SEHadoop Runtime Model
Some processes in Hadoop contain critical information. A
Name Node manages the file system name-space and has the
keys to generate Block Tokens and Delegation Tokens. An
attacker can fetch all keys from its memory and access data
from all active Data Nodes. A Resource Manager distributes all
Delegation Tokens to proper Node Managers and Containers.
These Delegation Tokens can be used by the hacker to access
data of the Delegation Tokens’ owners. An Application Master
distributes the Delegation Token of one job to all the job’s map
and reduce processes. Once the keys or Delegation Tokens
have been intercepted, an attacker can access a broad range
of data in HDFS. A user uses a Job Client as interface to
access HDFS and YARN, the Job Client contains sensitive
information (e.g. Kerberos’ ticket and Delegation Tokens) and
is able to access all the user’s data. A Node Manager which
manages Application Masters is responsible for setting up
proper configuration, booting up the Application Master and
transferring the Delegation Token to the Application Master.

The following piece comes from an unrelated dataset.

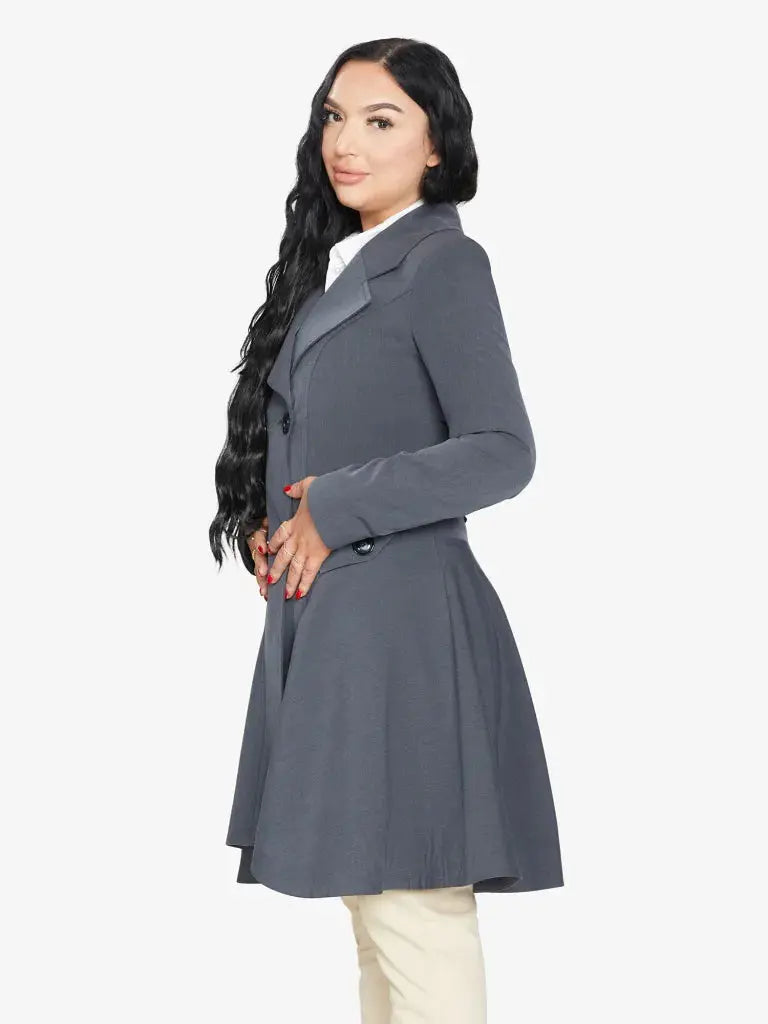 Grey skater coat outlet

An attacker can use it to intercept all Delegation Tokens sent to
an Application Master. Hadoop uses Kerberos to conduct for
most of authentication operations. Compromising of Kerberos,
an attacker can impersonate any users in Hadoop. Therefore,
a Name Node, a Resource Manager, Application Masters,
Job Clients, Kerberos, and Node Managers which manages
Application Masters should run in a secure zone. The rest of
processes of SEHadoop, such as Data Nodes, Node Managers
and Containers, can run in a public cloud.